I love oxtail and have tried countless recipes, far too many to list here. Even as I type this, I'm simmering the oxtail I bought at La Bodega according to the simplest Spanish recipe, from the new 1080 Recipes from Phaidon Press, which, banking on the success of its The Silver Spoon, the translation of an Italian classic, is figuring the popularity of Spanish cuisine will make this one a success as well. Look for an assessment of 1080 Recipes in my Consumed column in The Miami Herald soon -- I have to try a few more recipes first.

This Spanish rabo guisado is nothing but the pieces of oxtail simmered in water with carrots, onions studded with cloves, black peppercorns, white wine, bay leaf and salt. It should be simmered uncovered so the broth cooks down, and when the meat is falling off the bone, one should remove it, bone it and place in a warm plate. Remove the bay leaf and peppercorns. Puree the broth and veggies and pour over the meat. Serve with mashed potatoes. Easy.

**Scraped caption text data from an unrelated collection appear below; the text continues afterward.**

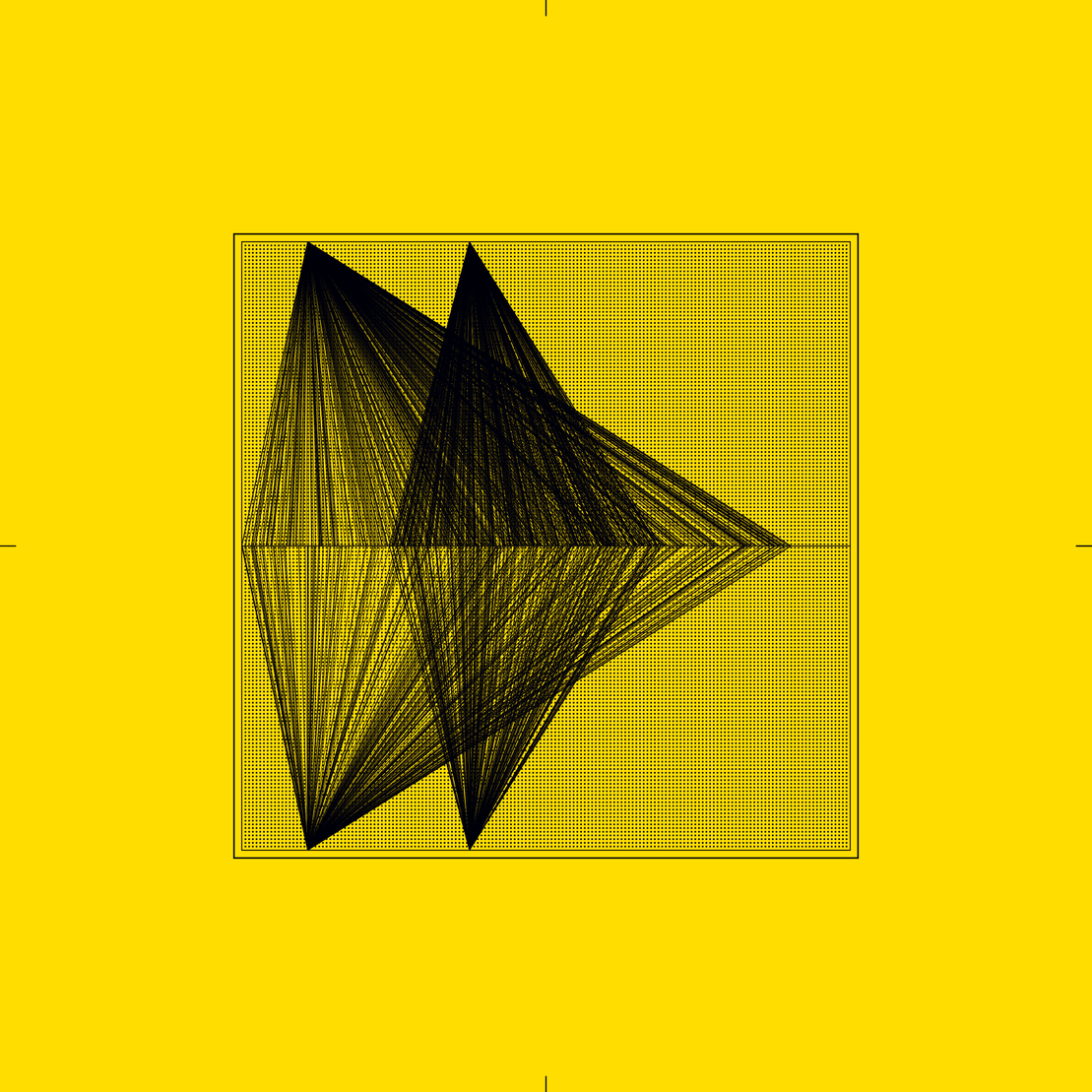 2 Shapes #174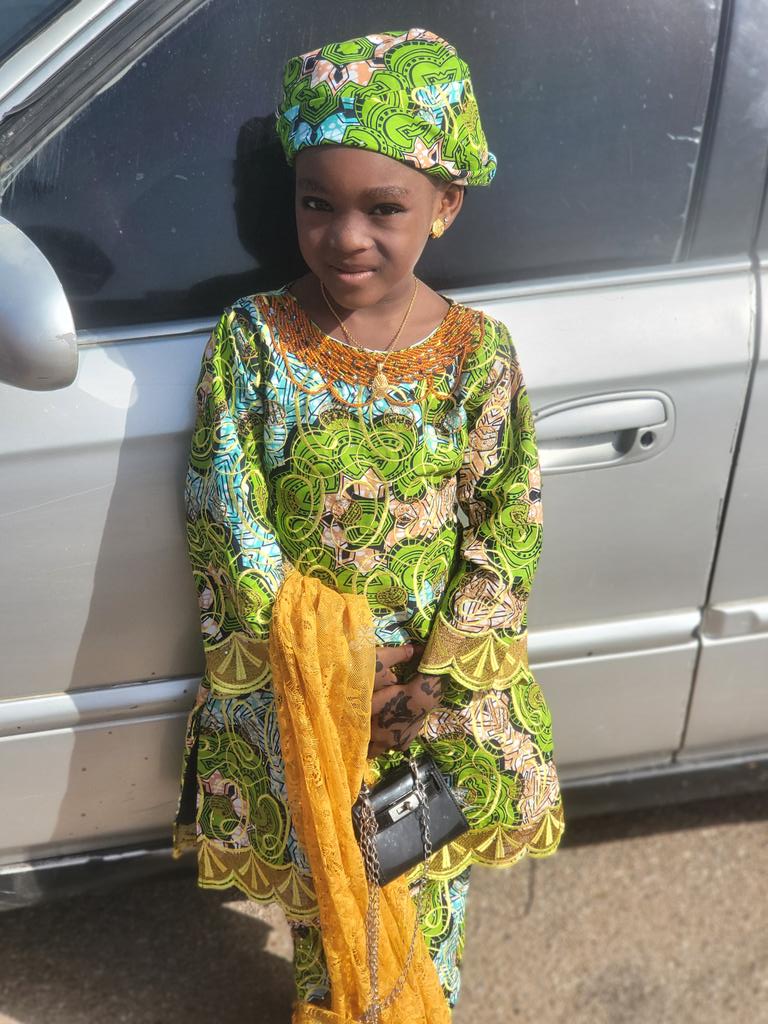 yusufhashimu3's tweet image. Alhamdulillah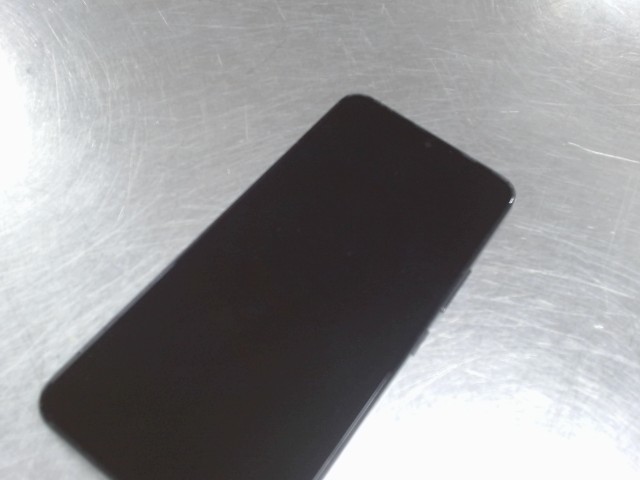Cell samsung s22 128gb
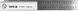 Регульований кут L 300 мм YATO YT-70794 YT-70794 фото товару 1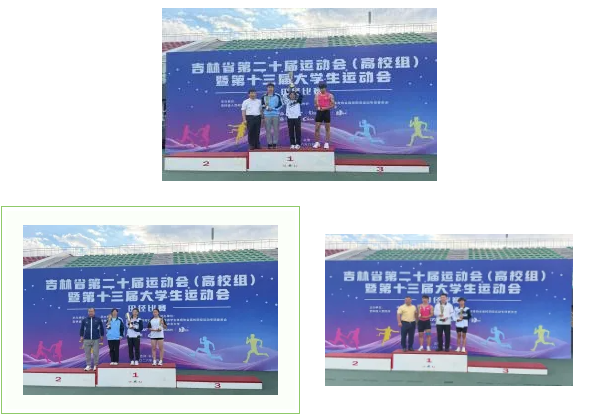 k1体育NBA频道图片
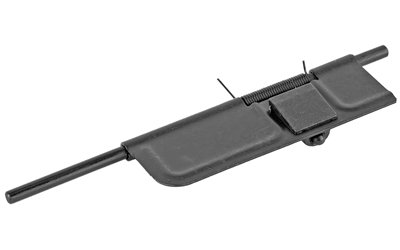 CMMG22BA627_2.jpg CMMG 9MM EJECTION PORT COVER KIT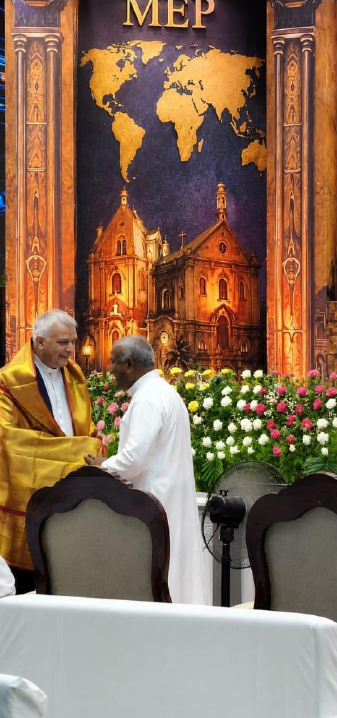 Diocesan gallery photograph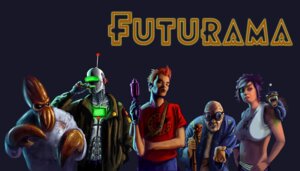 Rating: Safe Score: 0 Tags: alien aquatic arthropod bender_bending_rodríguez comedy_central crustacean decapodian_(futurama) doctor_zoidberg e621 female futurama group hubert_j._farnsworth human machine mammal nibbler nibblonian philip_j._fry professor robot turanga_leela unknown_artist weapon User: bunchy7s Rating: Safe Score: 0 Tags: alien aquatic arthropod bender_bending_rodríguez comedy_central crustacean decapodian_(futurama) doctor_zoidberg e621 female futurama group hubert_j._farnsworth human machine mammal nibbler nibblonian philip_j._fry professor robot turanga_leela unknown_artist weapon User: bunchy7s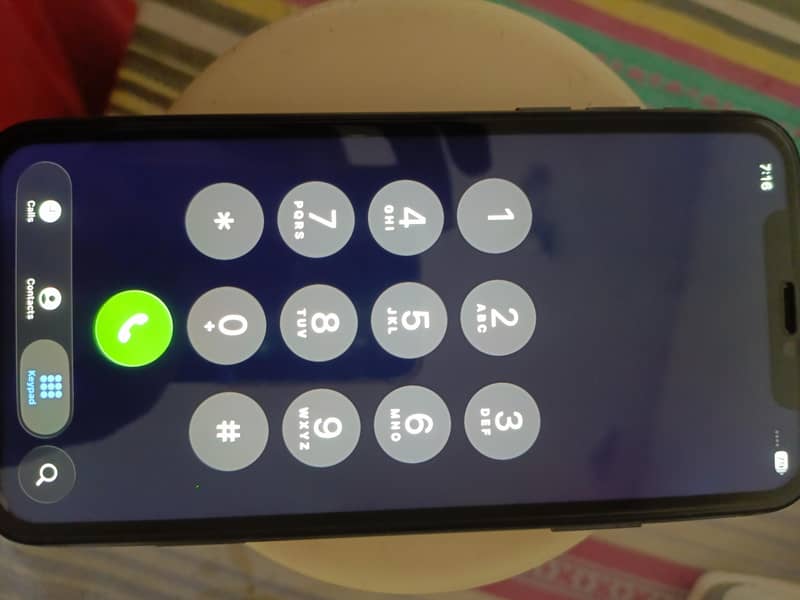 Apple iPhone 11 6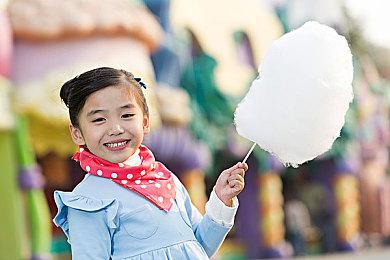 《人中之龙维新！极》波多野结衣等特别访谈影片 2月22日发售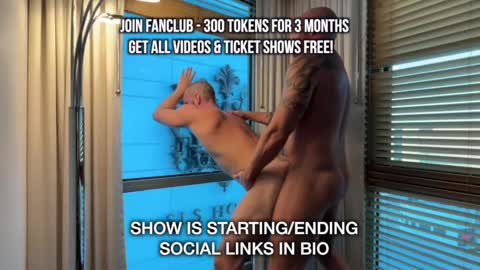 Snapshot of ryanandchadcb chatting on 10, 2, 2025 Ryan  Chad online show from 10, 2, 2025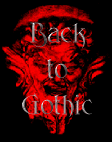 Back to Gothic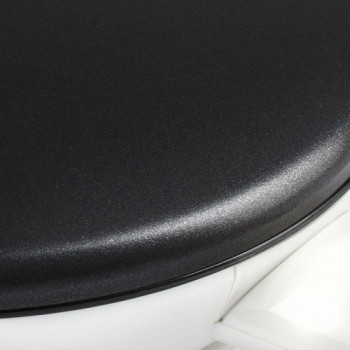 Bruder 04041 - Trattore...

When it's done I'll give the results. In the meantime, an advice I just gave a novice cook. Keep it simple. That's probably as useful as telling my kids not to do all the things I did as a kid. Young cooks fall for elaborate recipes they wind up blowing. As one gets older, one realizes how much frou-frou is just that. Leave the elaborate dishes to the clebrity chefs, or if you're a real curmudgeon, shun them altogether.

Recent postings to the story I wrote on Brazilian rodizio steakhouses carried a familiar theme of much "Anglo" lamenting about how we dreadful Latinos have ruined Miami: they boasted about cheap burger and rib joints from the old days and how much better they were than these overpriced Latin American eateries. Dudes -- and y'all tend to be dudes -- you're preaching to the choir. If you follow anything I write you know that dining at cheap burger and rib joints I'm as happy as a pig in... well, as a pig happily pigging out.

And to the reader who said an old fish place made a well known one I'd written about feel like a redneck joint, my only reply is... and? I grew up on the gulf coast, boy, and I fail to see what's wrong with redneck joints.

Pass the Wild Turkey and let them eat oxtail.

Posted by Enrique Fernández at 10:39 AM on October 14, 2007 in Food and Drink | Permalink | Comments (0) | TrackBack (0)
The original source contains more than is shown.